Pengendara kendaraan bermotor yang menggunakan knalpot brong tidak sesuai standar SNI dapat dikenai sanksi. Yang sesuai dengan Pasal 285 jo ayat (1) jo Pasal 106 ayat (3) dan Pasal 48 ayat (2) dan ayat (3), dan denda maksimal Rp 250 ribu. Karena kebisingan suaranya dapat mengganggu konsentrasi pengendara lainnya, sehingga berpotensi menimbulkan kecelakaan lalu lintas.
Sayangnya, Asep menjelaskan razia yang digelar untuk menertibkan penggunaan knalpot brong belakangan ini justru berdampak kepada UMKM produsen knalpot. “Kami punya 20 brand serta 15 ribu karyawan yang saat ini sudah dirumahkan,” kata Asep.
Hal itu karena, ada kesan yang ditimbulkan bahwa knalpot produksi mereka merupakan knalpot brong karena tidak sesuai standar yang diberlakukan pemerintah.
Padahal, pihaknya menjamin, knalpot yang diproduksi anggota AKSI sudah memenuhi regulasi dari Kementerian Lingkungan Hidup dan Kehutanan (KLHK). Yang bertentang ambang batas kebisingan dan dapat dijadikan sebagai acuan bagi industri untuk memproduksi knalpot.

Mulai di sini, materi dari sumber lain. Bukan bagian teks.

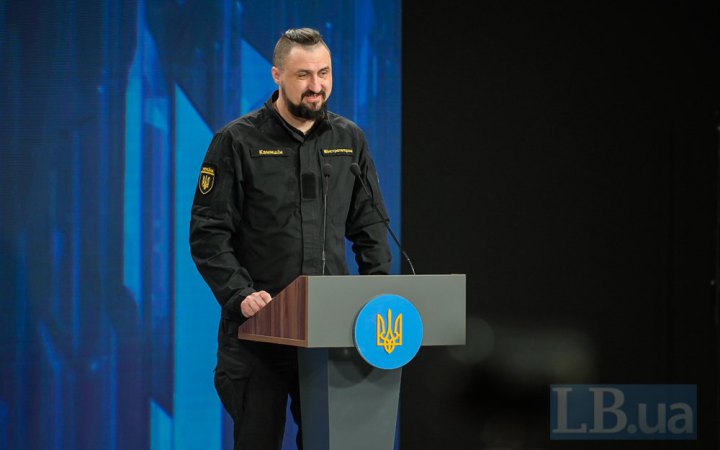 В Україні є ракетна зброя власного виробництва, що здатна вражати цілі на 700 км, – Камишін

Asep berharap berbagai instansi terkait seperti Kementerian Perindustrian (Kemenperin), KLHK, Kementerian Perhubungan (Kemenhub). Serta pihak Kepolisian juga dapat duduk bersama untuk merumuskan ketentuan knalpot yang sesuai dengan standar atau ber-SNI.
“Saya berharap segera ada SNI untuk knalpot, sehingga UMKM industri knalpot dapat kembali seperti semula bahkan bisa lebih meningkatkan omzet,” kata Asep.
MenkopUKM Teten Masduki menanggapi bahwa pelarangan knalpot aftermarket ini harus mempertimbangkan banyak hal termasuk kelangsungan industri UMKM knalpot. Ia mencermati sejumlah kasus penggunaan knalpot yang mengganggu kenyamanan masyarakat.